Shards unassigned after elasticsearch restart

(EatDataForBreakfast) #1

My elasticsearch instances were restarted, but it looks like after that I have about 10 unassisned shards :frowning:
The reason seems to be node_left, how can I re-assign the shards to the respective nodes?

"cluster_name" : "santorini_rec",
"status" : "yellow",
"timed_out" : false,
"number_of_nodes" : 5,
"number_of_data_nodes" : 3,
"active_primary_shards" : 16,
"active_shards" : 18,
"relocating_shards" : 0,
"initializing_shards" : 4,
"unassigned_shards" : 10,
"delayed_unassigned_shards" : 0,
"number_of_pending_tasks" : 2,
"number_of_in_flight_fetch" : 0,
"task_max_waiting_in_queue_millis" : 0,
"active_shards_percent_as_number" : 56.25

Does this mean I lost all the data?

.monitoring-es-6-2017.08.05 0 r UNASSIGNED NODE_LEFT
santo_pipeline_data 5 r UNASSIGNED NODE_LEFT
santo_pipeline_data 3 r UNASSIGNED NODE_LEFT
santo_pipeline_data 8 r UNASSIGNED NODE_LEFT
santo_pipeline_data 2 r UNASSIGNED NODE_LEFT
santo_pipeline_data 1 r UNASSIGNED PRIMARY_FAILED
.monitoring-alerts-6 0 r UNASSIGNED NODE_LEFT
.watcher-history-3-2017.08.05 0 r UNASSIGNED NODE_LEFT
.monitoring-kibana-6-2017.08.05 0 r UNASSIGNED NODE_LEFT

I tried to enable re-allocation, but it dint help.

"transient": {
"cluster.routing.allocation.enable": "all"

Elasticsearch seems to be so sensitive about any operation. Everytime I touch it, something or the other goes wrong and its just so hard to recover it back.

Can someone please help?

(Mark Walkom) #2

What version are you on?

(EatDataForBreakfast) #3

@warkolm I am on 5.5.1

I just tried turning off all replicas and turning back on again, not sure if it will help.
Its still initializing the shards.

(Mark Walkom) #4

Why were the instances restarted?

(EatDataForBreakfast) #5

I disabled swapping on all hosts, and I had to tune some networking related parameters. So I gracefully shut down elastic using systemd , except for the master node.

(Mark Walkom) #6

Did you shut down all the data nodes at once?

(EatDataForBreakfast) #7

No, one by one, making sure each instance came up.

(EatDataForBreakfast) #8

Not sure if it was a good idea, i turned replica to 0 and back to 10 again...
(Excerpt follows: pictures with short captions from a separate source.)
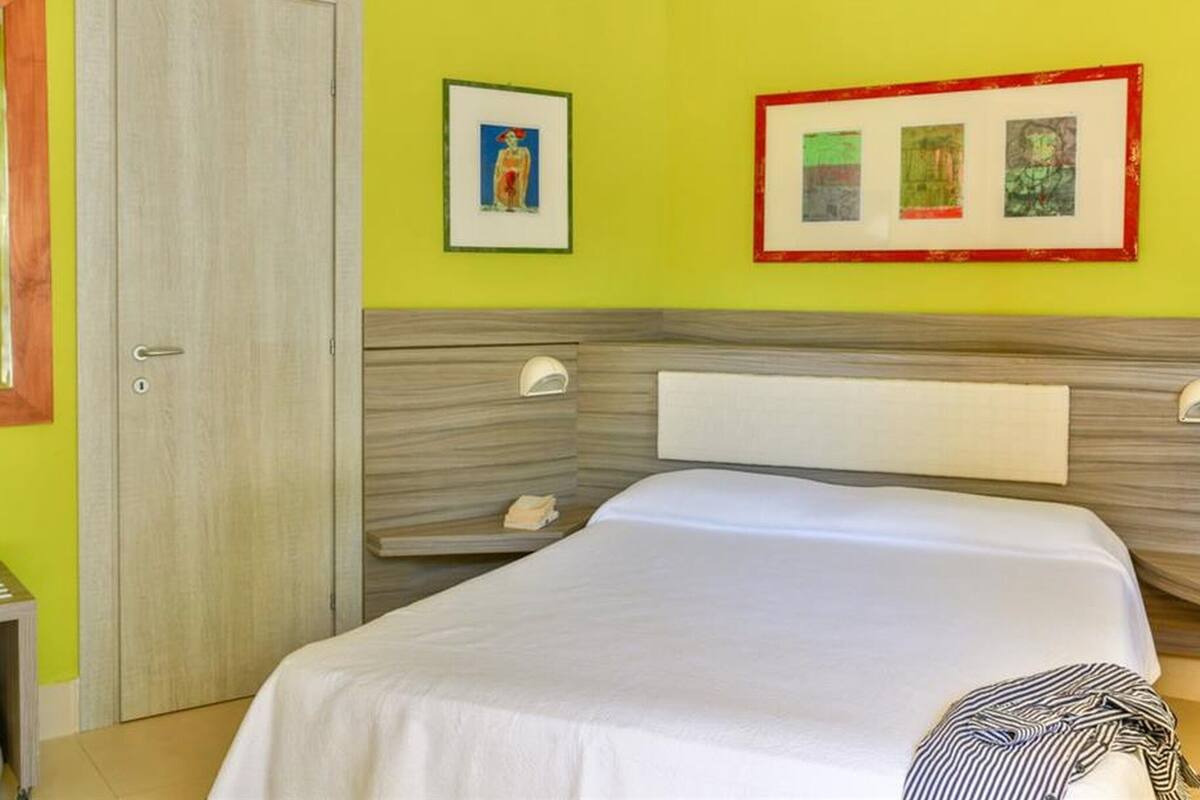 Une chambre à coucher avec un lit, une porte et deux tableaux encadrés au mur.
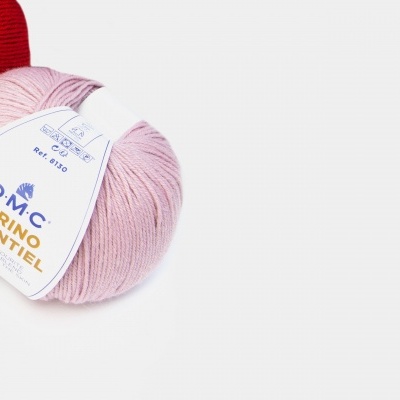 Novelo de lã rosa claro com rótulo DMC Merino Essentiel e outros novelos ao fundo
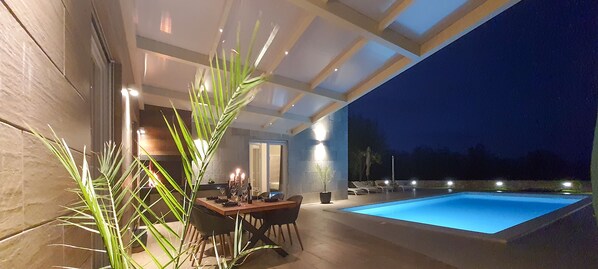 An outdoor pool area with a dining table and chairs, surrounded by plants and evening lighting. - Brand-new, luxury ***** villa with a heated pool, just 2 km from the ocean (Rakalj)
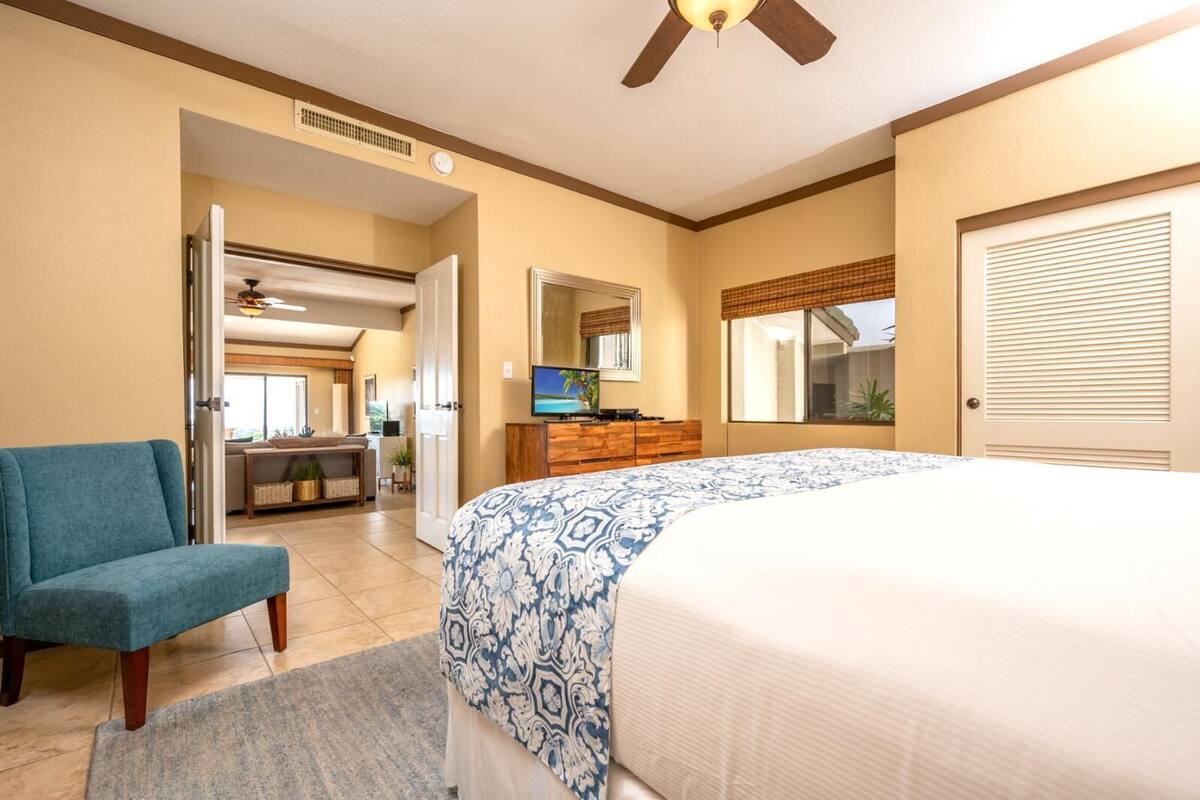 A bedroom with a large bed, a TV, a desk, and a chair.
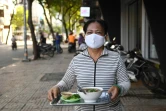 Une serveuse apporte un bol de soupe aux nouilles à un client dans une rue de Ho Chi Minh-Ville, le 8 septembre 2020 au Vietnam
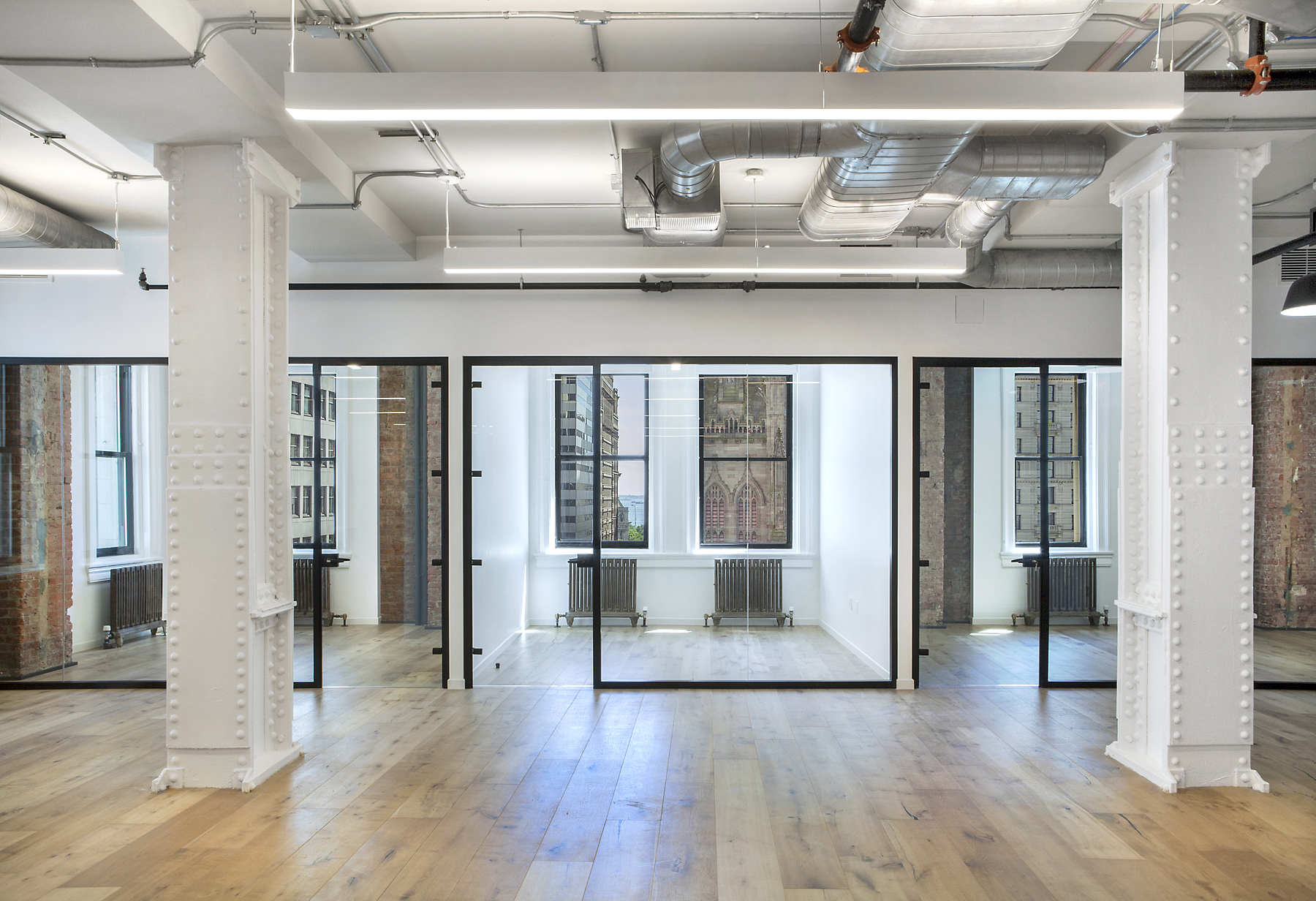 524 West 19th Street Metal Shutter Houses by Montroy Andersen DeMarco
"cluster_name" : "santorini_rec",
"status" : "yellow",
"timed_out" : false,
"number_of_nodes" : 5,
"number_of_data_nodes" : 3,
"active_primary_shards" : 16,
"active_shards" : 23,
"relocating_shards" : 0,
"initializing_shards" : 6,
"unassigned_shards" : 84,
"delayed_unassigned_shards" : 0,
"number_of_pending_tasks" : 0,
"number_of_in_flight_fetch" : 0,
"task_max_waiting_in_queue_millis" : 0,
"active_shards_percent_as_number" : 20.353982300884958

(EatDataForBreakfast) #9

I still see indexing work and the logs are being ingested.
Should I shut down logstash until I fix the state, or it should be ok?

(EatDataForBreakfast) #10

All the unassigned are replicas. Unable to recover them. Appreciate any suggestions.

(Mark Walkom) #11

Why do you need 10 replicas?

(EatDataForBreakfast) #12

Actually I dont, I created 9 shards for 3 nodes, and it automatically created 10 replicas total.
Some of them recovered automatically

(Mark Walkom) #13

You definitely have more than one replica set, and if you have more than 2 then those extras won't even be assigned.

(EatDataForBreakfast) #14

Can I reduce the numnber of replicas now? What solution would you suggest

(Mark Walkom) #15

Usually having more than 1 replica set is not required unless you have unstable infrastructure or low volumes of data queried at a high rate.

You have 3 data nodes, that means you can only store the primary and 2 replica sets of the data. Setting more will mean unassigned (replica) shards, which causes the yellow status until you either have more nodes to hold them or you reduce the replica count to fit in your cluster.

curl -XPUT localhost:9200/*/_settings -d '{ "index" : { "number_of_replicas" : N } }', where N is the number you want.

(EatDataForBreakfast) #16

Thankyou @warkolm. That makes sense. I have adjusted my replicas accordingly and got it to green now :slight_smile:

(system) #17

This topic was automatically closed 28 days after the last reply. New replies are no longer allowed.